While the film was still fresh in my head and looking at my notes I made on Thelma and Louise, I was able to come up with a few and drawings for the artefact.
Telephone calls and phone booths are very common in the film. In the beginning we see Thelma and Louise interact initially through a phone call and once they are on the road, characters are introduced to Thelma and Louise through the phone. These conversations have been important for backstory and exposition revealing information of the policeman’s progress and even highlighting moments of character progression. (Thelma’s phone call to Darryl)
The idea of having a phone booth made with scratchings of initials and room numbers. Or a household telephone which could be bought or made much more easily. Thinking of a way the phone booth could be improved. Instead of just mimicking a phone, we could have a memo pad or something beside it with co ordinates of their journey or details of the events.
Alcohol/ Cigarrettes & Other Substances
Alcohol and cigarrettes have been featured throughout the movie; signifiers for change in Thelma’s life. As the story unfolds and chaos prevails, Thelma and Louise become more careless of their actions. Thelma starts off mimicking Louise with her cigarettes and by the end of the story she’s smoking without the approval of Louise. The miniatures Thelma buy resemble her need for change but almost seem like short fixes as her characters is one that lives in the moment rather than choosing “the economy size”.
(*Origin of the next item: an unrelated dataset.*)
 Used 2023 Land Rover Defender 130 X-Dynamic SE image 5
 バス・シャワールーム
Thinking of the dangers of smoking and drinking and that it can have consequences down the line, that line of thought parallels with the plot line of Thelma and Louise. Using this double meaning and irony i thought would be a good idea for poster; a warning message like you would see on a packet of cigarettes or a DOE advert.
Trying to find other artists who use graphic design to explore double meaning I found Malika Favre. French designer situated in London, her work is described as “Pop Art meets OpArt.” Making use of positive and negative space. Her style would be finalist with contrasting colours. A particular series of hers that I am interested in is her work for EE BAFTA’s where she produced a series of posters to advertise the awards
Using shadows to convey a double meaning; it isn’t obvious to begin with but as you explore the image you can see how the shadows foreshadow and reveal exposition dependent on the composition.
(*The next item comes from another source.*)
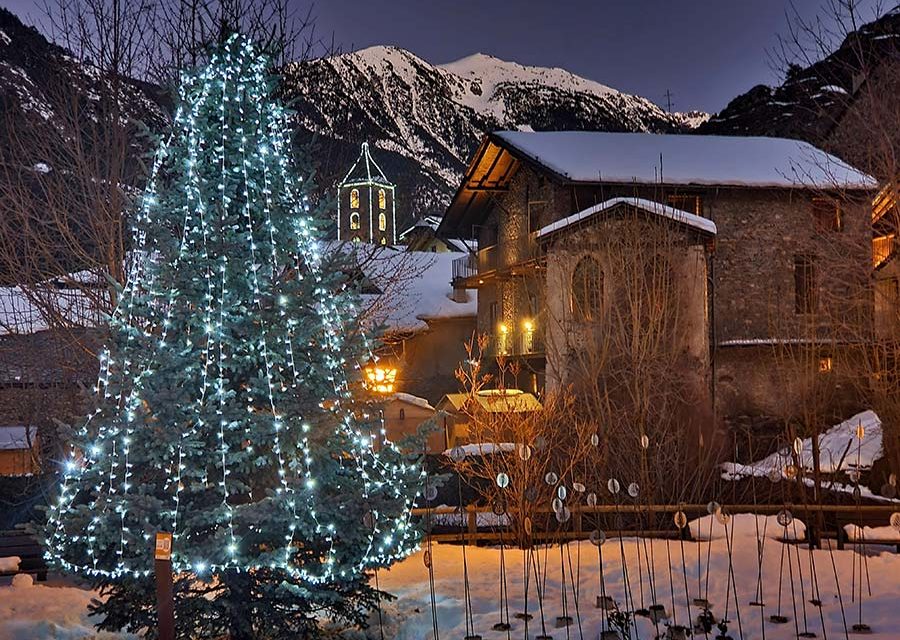 The Definitive Guide to Decorating Your Home with Christmas Ski Decorations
Malika says: “Like the poster itself I wanted people to be able to look at the various images without even seeing that shadow so there was a bit of a magical moment when the viewer discovered the trick. Some were easier than others of course but hopefully we manage to get the essence of each of the films and tell a story.” – [Accessed 10th Feb 2016]
In my sketchbook I had the idea of a cigarette box raised at the lid with the Thunderbird soaring in the air. The words that would read alongside of that would be “Smoking Kills!” That was an initial idea however for it to be an artefact `I think there would need to be a series of them. To advance on these ideas we could experiment with the layouts and make use of silhouettes and negative space like in Favre’s work.
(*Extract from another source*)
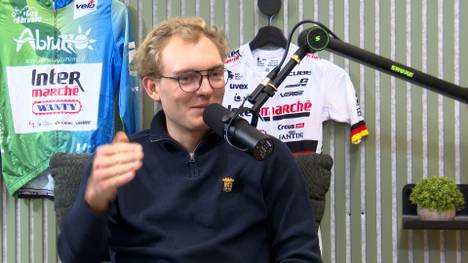 Im SPORT1-Podcast Deep Dive erzählt Rad-Profi Georg Zimmermann die skurrilste Geschichte, die er jemals bei der Tour de France erlebt hat.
Later on thinking of the warning posters that act as a deterrent. I thought of the “Meth. Only Once” adverts.
Taking this idea and mimicking it; I thought of one that could apply to Thelma and Louise. Playing with the words, (Changing meth or murder) I made my own deterrent poster. However I don’t know if this would be considered plagiarism. Maybe ….
When discussing with the team about idea we came up with a few more which we came up with a few more ideas.
Thomas mentioned to us awhile ago that the gun has seen a lot of things, a lot of murder and crimes have been committed using the gun. Whilst meeting up we were reminded of this and thought we could use the gun in some way. They could have a holster for the gun so Thelma and Louise can be more careful when handling it. (since they seemed to be using I a lot they would need one!)
Whilst talking to the group we were talking about Hans Zimmer and the soundtrack of Thelma and Louise. Thinking of the thunderbird and if Thelma and Louise spent they journey in silence. Would they have listened to music on the radio? Would they have had their own mix tape? Jenny had a cool idea of a cassette tape with scenes painted on the film. The only problem is the time and the level of precision that would go into painting the scenes.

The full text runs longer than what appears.